A Cherished Memory

   In mid-February 2003, Chairman Kim Jong Il met officials and stressed the need to develop national dishes and encourage the people to make and eat taffy.

   He told them as follows:

   In the past, Korean taffy was widely known as a special product even in the neighbouring countries. Our people made taffy much. During my expedition tour of the revolutionary battle sites in the Mt Paektu area in 1956, I had tasted black taffy made of potato, and it still remains etched in my memory. From olden times, our ancestors preferred to eat white taffy, and it would be good to encourage our people to make and eat white taffy on lunar New Year’s day according to their traditional customs.

   White taffy is prepared by cooling corn syrup to make it solid and warming it again to elongate it until it becomes white. It was also called meyot or paekdang.

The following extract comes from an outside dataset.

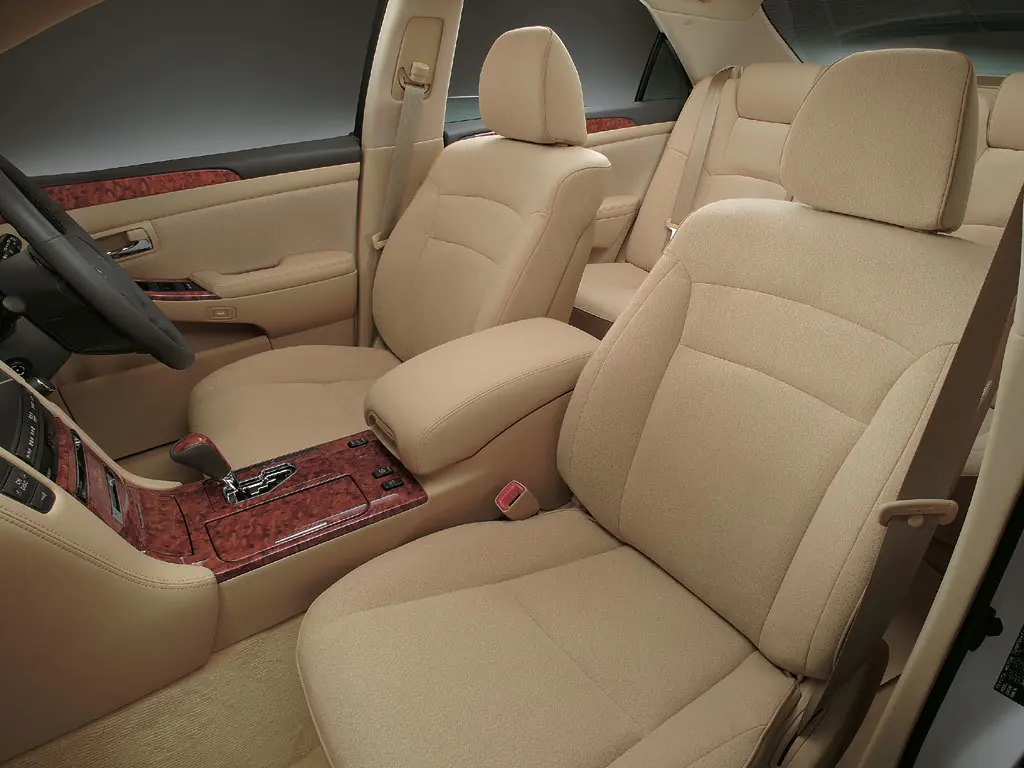 Toyota Crown, 12 поколение, S180, Седан, Япония, 12.2003 - 09.2005: фото поколения 24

   The Chairman went on: Korean taffy is made of various kinds of materials, including sorghum, corn, rice, glutinous rice, potato and sweet potato, and it is coated with sesame, bean and pine nut.

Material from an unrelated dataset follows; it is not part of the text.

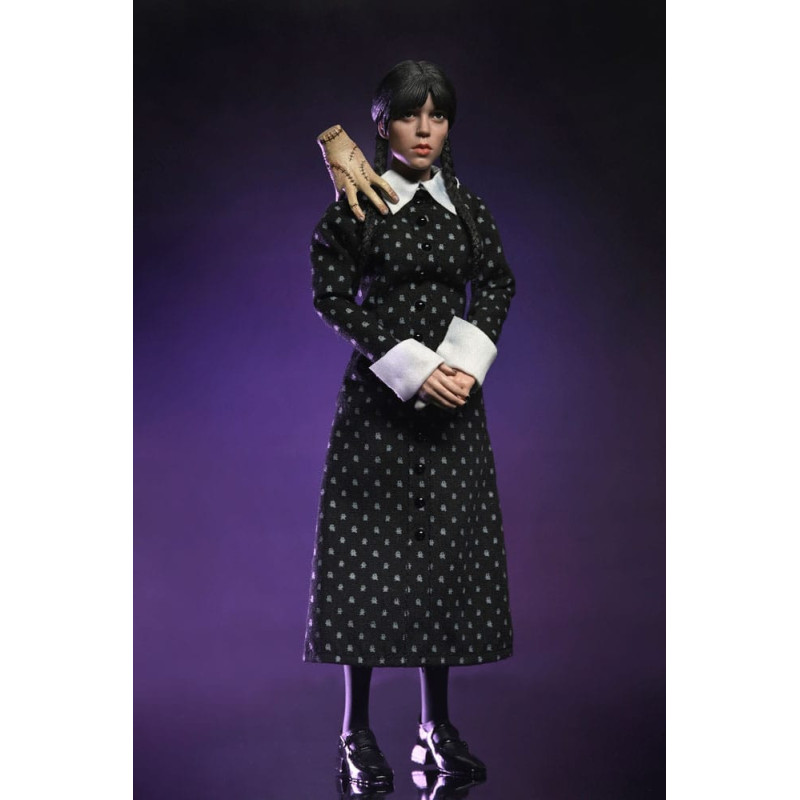 FIN 2025 : Wednesday - Figurine Classic Dress 20 cm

   According to the materials, the dish was called rice, glutinous rice, corn, barley, potato and sweet potato taffy; according to condensation, it was called syrup and hard taffy; according to colours and shapes, it was called white, black, flat, drop and ring taffy; and according to additives, it was called bean, sesame, chestnut, walnut, pine nut taffy, etc.

   Afterwards, thanks to the Chairman’s ardent love for the nation and benevolent measure, newspapers, magazines and science films gave wide publicity to Korean taffy, and foodstuff factories produced various kinds of taffy suitable to the people’s taste.